The residents of southern Israel, near Gaza, have long lived with the terror of rocket attacks, and in many ways have grown used to it. The residents of teeming Gaza, hemmed in by both Israel and Egypt, are likewise used to the terror of far more powerful Israeli bombs that rain down on towns and cities in response to Palestinian rocket attacks.

Where the red line lies

But a permanent extension of that envelope of fear to Tel Aviv, which attracts foreign investment to its high tech industries, would be intolerable for Israel. It could have an impact on both investment in the country and on the immigration of Jews to Israel, who are often urged to make aliyah (return) to the Jewish state under the argument that it's the only place where Jews can be truly safe.

That's why 16,000 Israeli army reservists were called up this morning. If more long-range rockets strike deep into the center of Israel, the argument for a ground incursion will grow stronger for Netanyahu. The IDF says most of the 300 bombs it has fired into Gaza have targeted long-range launching sites and warehouses for the Iranian made Fajr rockets. But has it got most of them? Or just a few?

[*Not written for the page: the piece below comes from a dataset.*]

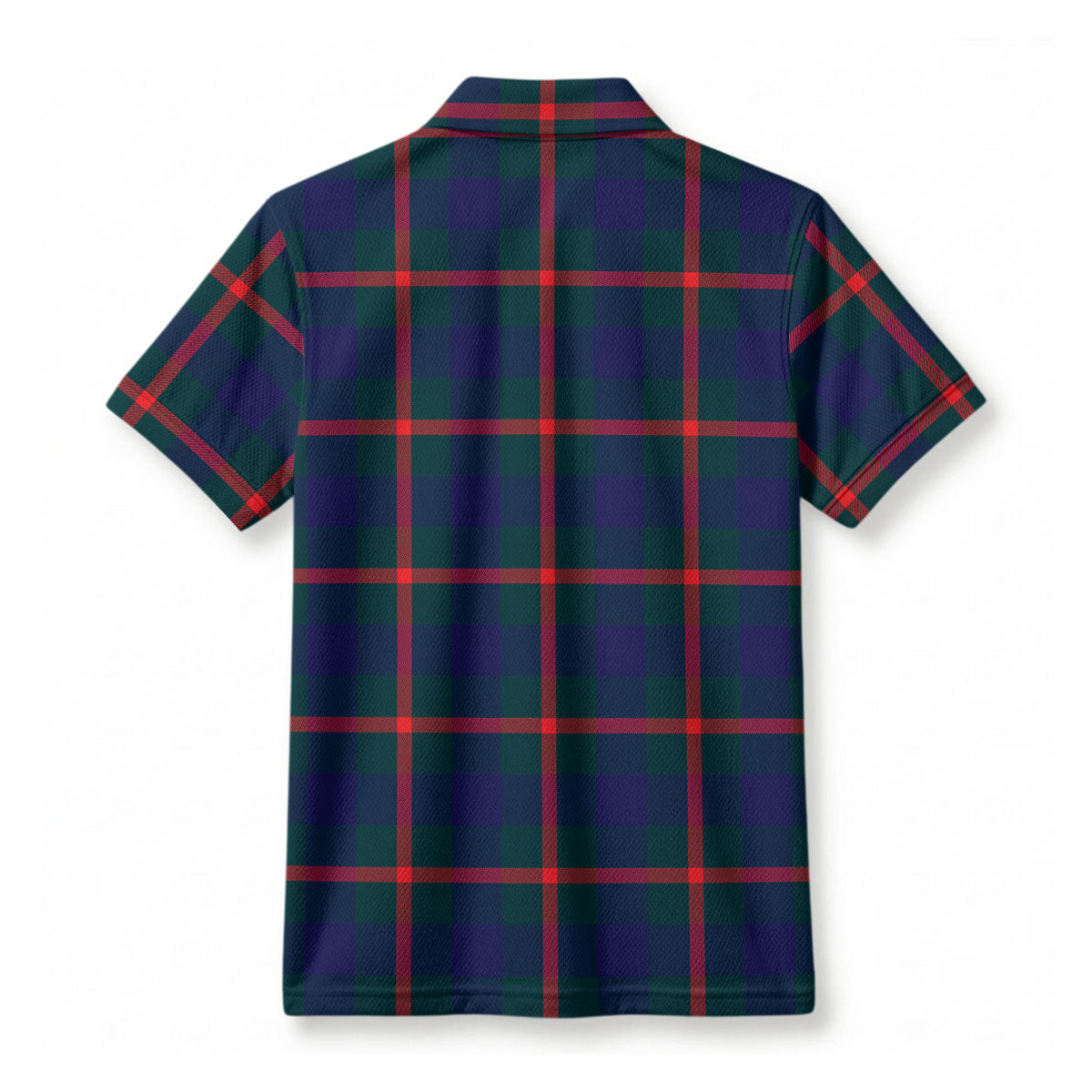 Agnew Modern Tartan Crest Birdseye Mesh Polo Shirt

The costs of escalation are also clear, beyond the casualties. The last Israeli war with Gaza was in 2008, then as now within weeks of the election of President Obama. The war, which Israel called Operation Cast Lead, claimed 13 Israeli lives and more than 1,200 Palestinian lives. Yes, Israel now has the Iron Dome defense system, which has shut down about 100 Israeli rockets so far at a cost of $40,000 a pop (the least expensive of the Palestinian rockets cost about $500). But all missile defense systems are prone to being overwhelmed by sheer numbers, if the opponent has sufficient supply.